This function checks data for missing entries and returns a list of genes that have non-zero variance and pass two criteria on maximum number of missing values: the fraction of missing values must be below a given threshold and the total number of missing samples must be below a given threshold.
goodGenes(datExpr,
useSamples = NULL,
useGenes = NULL,
minFraction = 1/2,
minNSamples = ..minNSamples,
minNGenes = ..minNGenes,
tol = NULL,
verbose = 1, indent = 0)
expression data. A data frame in which columns are genes and rows ar samples.
optional specifications of which samples to use for the check. Should be a logical
vector; samples whose entries are FALSE
will be ignored for the missing value counts. Defaults to
using all samples.
optional specifications of genes for which to perform the check. Should be a logical
vector; genes whose entries are FALSE
will be ignored. Defaults to
using all genes.
minimum fraction of non-missing samples for a gene to be considered good.
minimum number of non-missing samples for a gene to be considered good.
minimum number of good genes for the data set to be considered fit for analysis. If the actual number of good genes falls below this threshold, an error will be issued.
an optional 'small' number to compare the variance against. Defaults to the square of
1e-10 * max(abs(datExpr), na.rm = TRUE)
. The reason of comparing the variance to this number, rather than
zero, is that the fast way of computing variance used by this function sometimes causes small numerical
overflow errors which make variance of constant vectors slightly non-zero; comparing the variance to
tol
rather than zero prevents the retaining of such genes as 'good genes'.
integer level of verbosity.
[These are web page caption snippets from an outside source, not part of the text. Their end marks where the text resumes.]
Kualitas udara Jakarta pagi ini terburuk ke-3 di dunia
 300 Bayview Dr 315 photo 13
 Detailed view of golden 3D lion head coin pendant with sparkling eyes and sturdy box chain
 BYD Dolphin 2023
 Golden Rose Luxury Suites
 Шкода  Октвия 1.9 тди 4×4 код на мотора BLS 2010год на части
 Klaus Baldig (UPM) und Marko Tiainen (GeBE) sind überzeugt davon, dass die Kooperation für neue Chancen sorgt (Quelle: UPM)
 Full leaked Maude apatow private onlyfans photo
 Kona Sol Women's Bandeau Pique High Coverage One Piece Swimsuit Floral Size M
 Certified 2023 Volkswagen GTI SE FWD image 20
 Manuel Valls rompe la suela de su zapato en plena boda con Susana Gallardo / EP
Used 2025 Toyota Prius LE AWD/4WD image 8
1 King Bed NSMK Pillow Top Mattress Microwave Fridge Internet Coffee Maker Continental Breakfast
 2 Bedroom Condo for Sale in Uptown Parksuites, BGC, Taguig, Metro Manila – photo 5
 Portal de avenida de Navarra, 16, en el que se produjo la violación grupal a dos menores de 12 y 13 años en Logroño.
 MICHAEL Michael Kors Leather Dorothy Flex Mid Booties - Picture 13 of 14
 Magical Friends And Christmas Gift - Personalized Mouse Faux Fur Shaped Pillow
Zero means silent, higher values make the output progressively more and more verbose.
indentation for diagnostic messages. Zero means no indentation, each unit adds two spaces.
A logical vector with one entry per gene that is TRUE
if the gene is considered good and
FALSE
otherwise. Note that all genes excluded by useGenes
are automatically assigned
FALSE
.
The constants ..minNSamples
and ..minNGenes
are both set to the value 4.
For most data sets, the fraction of missing samples criterion will be much more stringent than the
absolute number of missing samples criterion.